En analysant les changements comportementaux et physiologiques de deux espèces de poissons, des biologistes américains montrent que le bisphénol A (BPA) favorise les hybridations inter-espèces.

Le BPA présent dans les rivières américaines modifierait le comportement reproducteur de certains poissons, favorisant l’hybridation inter-espèces. C’est l’inquiétante conclusion d’une étude menée par les biologistes américains Jessica Ward et Michael Blum, de l’Université du Minnesota.
Le BPA est un composé organique utilisé pour la fabrication de récipients en plastique de type polycarbonate et de revêtements plastiques de type résine époxy. C’est aussi un perturbateur endocrinien capable de mimer l’action de l’œstrogène, l’hormone sexuelle féminine, donc d’avoir des effets nocifs sur la reproduction. Étant donné qu’il peut migrer en petites quantités dans les aliments et les boissons stockées dans les matériaux qui le contiennent, il est actuellement interdit pour la fabrication de biberons en polycarbonate en Europe, au Canada et dans plusieurs états américains.
Si son utilisation commence à être réglementée, le BPA pollue néanmoins de nombreux écosystèmes aquatiques à travers les États-Unis.
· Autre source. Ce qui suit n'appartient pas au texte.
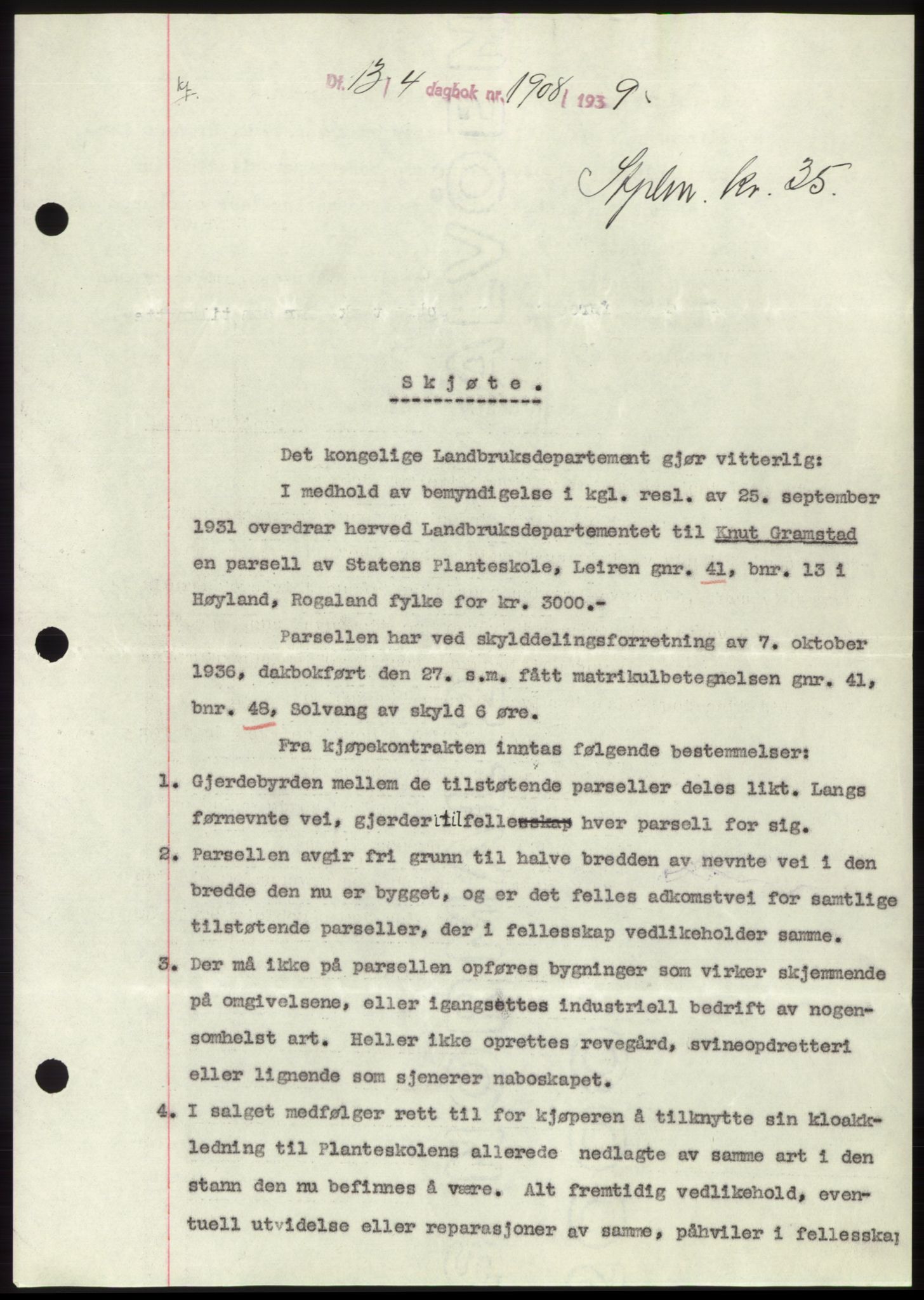 Jæren sorenskriveri, SAST/A-100310/03/G/Gba/L0074: Pantebok, 1939-1939, Dagboknr: 1908/1939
Jessica Ward et Michael Blum ont donc voulu déterminer si ce composé peut altérer le comportement reproducteur de certains poissons. Plus précisément, connaissant la propension de l’espèce de poisson invasive Cyprinella lutrensis à s’hybrider avec l’espèce native (C. venusta) des fleuves dans lesquels elle est introduite, les biologistes ont cherché à savoir dans quelle mesure le BPA joue un rôle dans ce phénomène, véritable menace pour la biodiversité.
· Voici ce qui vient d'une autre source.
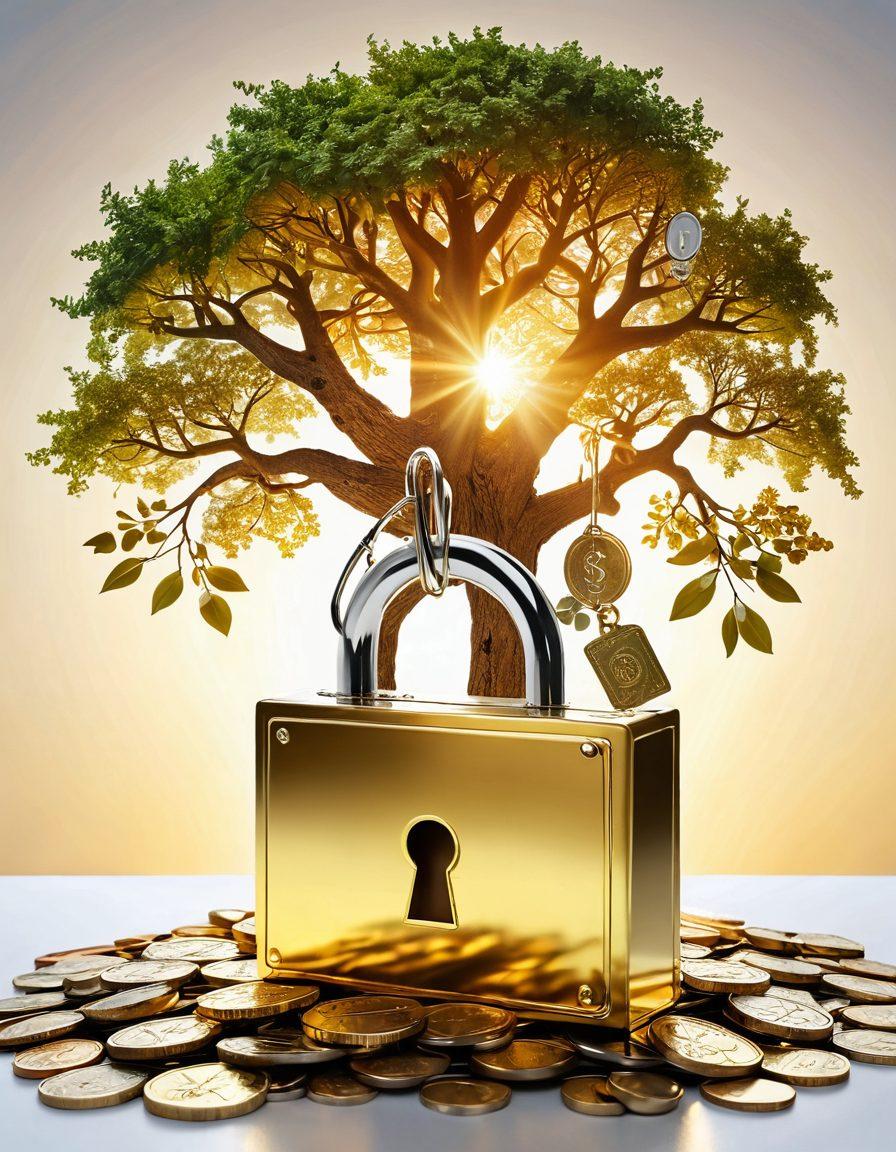A key opening a large, golden lock symbolizing financial freedom, surrounded by images of currency, a flourishing tree representing growth, and a lightbulb signifying smart strategies. The background features a sunrise, symbolizing new beginnings and opportunities. super-realistic. vibrant colors. white background.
Les deux scientifiques ont donc collecté des individus des deux espèces dans deux ruisseaux de l’État de Géorgie. Puis ils les ont maintenus pendant 14 jours dans des aquariums contenant du BPA, avant de comparer leur comportement reproducteur avec celui de poissons non exposés au perturbateur endocrinien. Résultat : les poissons exposés avaient davantage tendance à faire la cour aux poissons de l’autre espèce que leurs congénères non exposés. En modifiant le système endocrinien, qui contrôle la libération d’hormones, le BPA influencerait en effet le comportement et l’apparence (taille, couleur) des poissons, amenant un individu d’une espèce à se tromper et à considérer un poisson de l’autre espèce comme appartenant à la sienne. Par exemple, exposés au BPA, les mâles de l’espèce C. lutrensis perdent de leurs couleurs. Moins chatoyants, ils ressemblent alors aux mâles de l’espèce C. venusta, conduisant les femelles de cette espèce à se tromper de partenaires.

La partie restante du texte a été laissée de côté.